• THE TASK: What lines of the data hold the string "Christmas"? Pull each one out.

• Data excerpts:
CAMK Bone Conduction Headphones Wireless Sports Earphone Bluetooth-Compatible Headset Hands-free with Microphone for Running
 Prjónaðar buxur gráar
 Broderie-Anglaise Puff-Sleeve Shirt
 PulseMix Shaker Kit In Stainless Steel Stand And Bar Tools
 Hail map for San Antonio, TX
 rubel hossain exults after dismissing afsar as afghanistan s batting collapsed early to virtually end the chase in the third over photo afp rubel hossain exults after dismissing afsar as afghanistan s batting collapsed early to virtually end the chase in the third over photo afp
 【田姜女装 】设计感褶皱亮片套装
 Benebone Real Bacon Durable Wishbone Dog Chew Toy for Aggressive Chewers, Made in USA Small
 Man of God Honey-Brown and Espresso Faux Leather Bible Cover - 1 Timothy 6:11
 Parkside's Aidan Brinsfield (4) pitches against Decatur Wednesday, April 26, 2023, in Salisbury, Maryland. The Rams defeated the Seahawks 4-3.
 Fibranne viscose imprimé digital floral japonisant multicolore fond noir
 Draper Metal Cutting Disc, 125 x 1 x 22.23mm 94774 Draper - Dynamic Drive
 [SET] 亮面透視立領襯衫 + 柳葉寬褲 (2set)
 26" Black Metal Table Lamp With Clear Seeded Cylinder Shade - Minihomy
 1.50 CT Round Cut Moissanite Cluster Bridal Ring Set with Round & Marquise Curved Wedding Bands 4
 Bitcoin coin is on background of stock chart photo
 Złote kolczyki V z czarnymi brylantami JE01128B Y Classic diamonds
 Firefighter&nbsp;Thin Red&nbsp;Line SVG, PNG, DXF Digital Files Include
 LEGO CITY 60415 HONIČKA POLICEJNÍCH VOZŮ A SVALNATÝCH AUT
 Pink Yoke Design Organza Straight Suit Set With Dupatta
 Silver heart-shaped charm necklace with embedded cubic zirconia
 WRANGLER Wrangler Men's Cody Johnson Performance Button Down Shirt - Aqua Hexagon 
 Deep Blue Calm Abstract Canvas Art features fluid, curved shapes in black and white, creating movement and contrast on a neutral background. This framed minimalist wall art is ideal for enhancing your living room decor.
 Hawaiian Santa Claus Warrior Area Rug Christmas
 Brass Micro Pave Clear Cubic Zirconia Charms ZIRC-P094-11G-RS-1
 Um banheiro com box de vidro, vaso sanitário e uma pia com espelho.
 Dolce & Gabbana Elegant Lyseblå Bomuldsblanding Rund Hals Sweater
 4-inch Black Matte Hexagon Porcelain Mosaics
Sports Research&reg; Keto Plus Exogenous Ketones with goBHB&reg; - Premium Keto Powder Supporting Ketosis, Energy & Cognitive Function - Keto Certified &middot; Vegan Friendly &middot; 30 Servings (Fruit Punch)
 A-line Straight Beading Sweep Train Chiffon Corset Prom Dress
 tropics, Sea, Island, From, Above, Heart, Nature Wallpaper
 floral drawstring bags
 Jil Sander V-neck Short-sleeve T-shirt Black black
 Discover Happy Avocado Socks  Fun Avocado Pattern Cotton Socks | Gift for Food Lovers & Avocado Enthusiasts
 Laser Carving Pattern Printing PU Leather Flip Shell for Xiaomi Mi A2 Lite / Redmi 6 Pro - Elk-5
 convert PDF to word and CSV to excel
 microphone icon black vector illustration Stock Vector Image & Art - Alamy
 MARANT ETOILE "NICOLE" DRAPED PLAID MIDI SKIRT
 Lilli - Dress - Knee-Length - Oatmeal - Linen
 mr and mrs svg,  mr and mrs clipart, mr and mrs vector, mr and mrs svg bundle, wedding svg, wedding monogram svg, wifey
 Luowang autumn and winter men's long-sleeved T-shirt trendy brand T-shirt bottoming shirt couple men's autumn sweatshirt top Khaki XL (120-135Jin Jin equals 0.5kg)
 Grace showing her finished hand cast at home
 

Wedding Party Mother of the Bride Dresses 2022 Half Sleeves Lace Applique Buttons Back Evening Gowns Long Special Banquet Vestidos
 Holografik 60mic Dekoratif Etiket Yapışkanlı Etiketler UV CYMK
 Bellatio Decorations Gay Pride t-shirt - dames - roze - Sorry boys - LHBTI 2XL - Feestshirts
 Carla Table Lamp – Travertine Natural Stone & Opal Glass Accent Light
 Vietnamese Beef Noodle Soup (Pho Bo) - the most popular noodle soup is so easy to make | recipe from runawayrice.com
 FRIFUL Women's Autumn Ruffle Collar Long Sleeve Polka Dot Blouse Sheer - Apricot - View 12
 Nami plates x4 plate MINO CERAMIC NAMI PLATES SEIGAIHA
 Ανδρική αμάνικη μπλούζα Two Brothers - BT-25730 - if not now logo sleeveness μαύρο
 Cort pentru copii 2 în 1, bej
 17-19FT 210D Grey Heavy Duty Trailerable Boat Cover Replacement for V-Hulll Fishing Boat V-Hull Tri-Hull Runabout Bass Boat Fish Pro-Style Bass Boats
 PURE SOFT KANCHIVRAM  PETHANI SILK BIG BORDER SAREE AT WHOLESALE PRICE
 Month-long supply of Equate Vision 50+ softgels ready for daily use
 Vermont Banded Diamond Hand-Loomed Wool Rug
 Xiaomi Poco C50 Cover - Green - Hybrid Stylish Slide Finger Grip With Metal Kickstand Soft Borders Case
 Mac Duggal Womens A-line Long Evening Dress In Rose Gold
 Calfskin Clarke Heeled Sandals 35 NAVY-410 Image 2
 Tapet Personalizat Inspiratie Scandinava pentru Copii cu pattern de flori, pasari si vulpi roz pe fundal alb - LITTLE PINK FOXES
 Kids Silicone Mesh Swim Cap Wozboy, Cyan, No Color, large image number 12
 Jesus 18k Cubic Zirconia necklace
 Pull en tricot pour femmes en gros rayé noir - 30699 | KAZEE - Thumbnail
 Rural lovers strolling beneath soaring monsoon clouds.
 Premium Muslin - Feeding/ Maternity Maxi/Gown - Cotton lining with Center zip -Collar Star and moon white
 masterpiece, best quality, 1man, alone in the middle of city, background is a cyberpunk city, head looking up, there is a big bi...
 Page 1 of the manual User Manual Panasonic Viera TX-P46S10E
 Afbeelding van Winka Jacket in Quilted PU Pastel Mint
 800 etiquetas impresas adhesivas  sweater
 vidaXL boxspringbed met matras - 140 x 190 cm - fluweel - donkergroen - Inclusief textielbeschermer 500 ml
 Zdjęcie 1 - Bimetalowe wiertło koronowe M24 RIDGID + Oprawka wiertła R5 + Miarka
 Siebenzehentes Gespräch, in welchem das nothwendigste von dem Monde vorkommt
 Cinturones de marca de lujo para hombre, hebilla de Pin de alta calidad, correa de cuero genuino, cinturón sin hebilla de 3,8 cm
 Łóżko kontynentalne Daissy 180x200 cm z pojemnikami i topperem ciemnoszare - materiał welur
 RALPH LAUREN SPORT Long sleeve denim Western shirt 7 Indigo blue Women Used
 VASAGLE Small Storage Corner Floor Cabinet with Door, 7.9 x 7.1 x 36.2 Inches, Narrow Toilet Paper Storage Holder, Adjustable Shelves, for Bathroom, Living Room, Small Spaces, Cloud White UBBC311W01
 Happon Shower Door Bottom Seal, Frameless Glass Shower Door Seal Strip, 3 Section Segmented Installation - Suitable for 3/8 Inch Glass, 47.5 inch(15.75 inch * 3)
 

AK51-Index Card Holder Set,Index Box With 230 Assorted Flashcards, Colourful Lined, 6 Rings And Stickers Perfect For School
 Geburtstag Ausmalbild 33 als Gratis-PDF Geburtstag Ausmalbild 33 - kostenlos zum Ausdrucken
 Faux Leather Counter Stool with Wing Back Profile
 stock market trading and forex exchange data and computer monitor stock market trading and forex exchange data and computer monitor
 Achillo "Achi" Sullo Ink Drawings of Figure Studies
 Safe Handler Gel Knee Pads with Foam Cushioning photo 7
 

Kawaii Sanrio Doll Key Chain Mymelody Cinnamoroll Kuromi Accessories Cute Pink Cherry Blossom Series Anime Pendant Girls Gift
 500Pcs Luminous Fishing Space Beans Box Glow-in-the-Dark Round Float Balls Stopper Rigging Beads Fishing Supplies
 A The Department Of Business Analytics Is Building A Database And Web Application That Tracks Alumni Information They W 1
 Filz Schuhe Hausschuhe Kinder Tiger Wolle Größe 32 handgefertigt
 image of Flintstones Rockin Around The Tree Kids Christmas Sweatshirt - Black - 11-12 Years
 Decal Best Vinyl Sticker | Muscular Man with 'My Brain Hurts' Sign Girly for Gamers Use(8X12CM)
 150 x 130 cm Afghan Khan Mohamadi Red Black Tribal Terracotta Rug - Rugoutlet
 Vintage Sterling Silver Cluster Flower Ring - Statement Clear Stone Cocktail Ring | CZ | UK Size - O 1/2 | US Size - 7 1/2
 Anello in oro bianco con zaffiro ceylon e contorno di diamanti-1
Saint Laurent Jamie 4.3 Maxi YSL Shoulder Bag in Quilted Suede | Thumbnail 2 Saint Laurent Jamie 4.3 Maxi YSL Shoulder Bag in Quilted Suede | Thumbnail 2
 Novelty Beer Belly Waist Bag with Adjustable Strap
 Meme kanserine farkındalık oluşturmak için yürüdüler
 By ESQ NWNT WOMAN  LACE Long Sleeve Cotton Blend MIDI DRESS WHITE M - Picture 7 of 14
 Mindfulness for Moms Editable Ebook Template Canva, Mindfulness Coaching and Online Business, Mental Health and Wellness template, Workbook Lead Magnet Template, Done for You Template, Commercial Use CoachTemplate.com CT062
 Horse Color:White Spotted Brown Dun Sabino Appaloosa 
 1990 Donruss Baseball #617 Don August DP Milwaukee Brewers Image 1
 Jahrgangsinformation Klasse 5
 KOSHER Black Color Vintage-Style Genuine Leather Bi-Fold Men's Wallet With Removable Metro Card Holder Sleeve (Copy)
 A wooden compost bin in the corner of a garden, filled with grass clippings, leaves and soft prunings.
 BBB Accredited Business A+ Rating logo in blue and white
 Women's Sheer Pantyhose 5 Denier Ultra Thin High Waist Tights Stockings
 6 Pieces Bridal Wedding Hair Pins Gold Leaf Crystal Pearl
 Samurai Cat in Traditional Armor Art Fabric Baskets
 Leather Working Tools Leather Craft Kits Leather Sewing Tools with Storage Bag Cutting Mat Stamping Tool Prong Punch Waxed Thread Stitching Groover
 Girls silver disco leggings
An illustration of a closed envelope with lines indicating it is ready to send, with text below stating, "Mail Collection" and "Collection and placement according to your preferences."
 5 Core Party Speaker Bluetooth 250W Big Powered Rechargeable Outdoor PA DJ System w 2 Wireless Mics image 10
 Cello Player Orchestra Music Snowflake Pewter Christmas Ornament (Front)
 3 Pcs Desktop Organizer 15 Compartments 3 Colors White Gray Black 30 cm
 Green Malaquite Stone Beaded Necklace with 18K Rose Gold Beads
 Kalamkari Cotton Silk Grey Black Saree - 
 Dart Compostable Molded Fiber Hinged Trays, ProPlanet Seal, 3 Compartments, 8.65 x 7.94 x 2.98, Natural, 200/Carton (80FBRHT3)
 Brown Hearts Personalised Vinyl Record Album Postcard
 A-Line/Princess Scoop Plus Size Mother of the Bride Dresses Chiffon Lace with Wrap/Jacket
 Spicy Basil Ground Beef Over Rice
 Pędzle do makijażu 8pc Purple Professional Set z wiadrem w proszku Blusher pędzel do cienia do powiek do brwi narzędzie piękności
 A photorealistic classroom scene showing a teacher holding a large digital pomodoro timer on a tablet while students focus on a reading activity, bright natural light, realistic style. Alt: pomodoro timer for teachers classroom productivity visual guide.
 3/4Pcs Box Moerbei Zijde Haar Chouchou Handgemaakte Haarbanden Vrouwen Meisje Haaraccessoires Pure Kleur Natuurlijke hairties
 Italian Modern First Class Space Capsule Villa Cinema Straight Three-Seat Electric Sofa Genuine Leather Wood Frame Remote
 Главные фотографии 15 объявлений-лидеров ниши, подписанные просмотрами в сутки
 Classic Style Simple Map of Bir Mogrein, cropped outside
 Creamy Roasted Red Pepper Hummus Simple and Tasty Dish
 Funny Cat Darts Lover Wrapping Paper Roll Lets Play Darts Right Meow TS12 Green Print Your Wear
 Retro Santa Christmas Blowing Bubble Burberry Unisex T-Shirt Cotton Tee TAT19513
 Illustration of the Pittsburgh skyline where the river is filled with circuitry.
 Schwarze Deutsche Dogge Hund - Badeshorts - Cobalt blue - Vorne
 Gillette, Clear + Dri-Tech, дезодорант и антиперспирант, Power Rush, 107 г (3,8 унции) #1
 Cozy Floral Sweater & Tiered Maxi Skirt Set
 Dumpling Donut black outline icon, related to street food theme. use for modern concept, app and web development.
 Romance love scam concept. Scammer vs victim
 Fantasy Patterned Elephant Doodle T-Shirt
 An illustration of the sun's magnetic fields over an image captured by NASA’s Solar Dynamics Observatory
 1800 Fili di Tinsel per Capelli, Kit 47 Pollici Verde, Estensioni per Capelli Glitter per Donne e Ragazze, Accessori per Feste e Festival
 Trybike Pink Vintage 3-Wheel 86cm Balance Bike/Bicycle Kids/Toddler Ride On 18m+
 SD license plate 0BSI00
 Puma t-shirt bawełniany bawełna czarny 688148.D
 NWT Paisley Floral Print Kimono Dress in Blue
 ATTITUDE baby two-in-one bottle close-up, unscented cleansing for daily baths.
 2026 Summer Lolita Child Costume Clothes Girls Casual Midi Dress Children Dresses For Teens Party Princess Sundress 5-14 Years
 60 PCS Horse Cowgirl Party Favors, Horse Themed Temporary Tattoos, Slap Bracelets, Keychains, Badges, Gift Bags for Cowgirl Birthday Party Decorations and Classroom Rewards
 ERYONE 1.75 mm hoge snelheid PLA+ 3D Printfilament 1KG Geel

• SOLVED PROBLEM:
 Hawaiian Santa Claus Warrior Area Rug Christmas
 image of Flintstones Rockin Around The Tree Kids Christmas Sweatshirt - Black - 11-12 Years
 Cello Player Orchestra Music Snowflake Pewter Christmas Ornament (Front)
 Retro Santa Christmas Blowing Bubble Burberry Unisex T-Shirt Cotton Tee TAT19513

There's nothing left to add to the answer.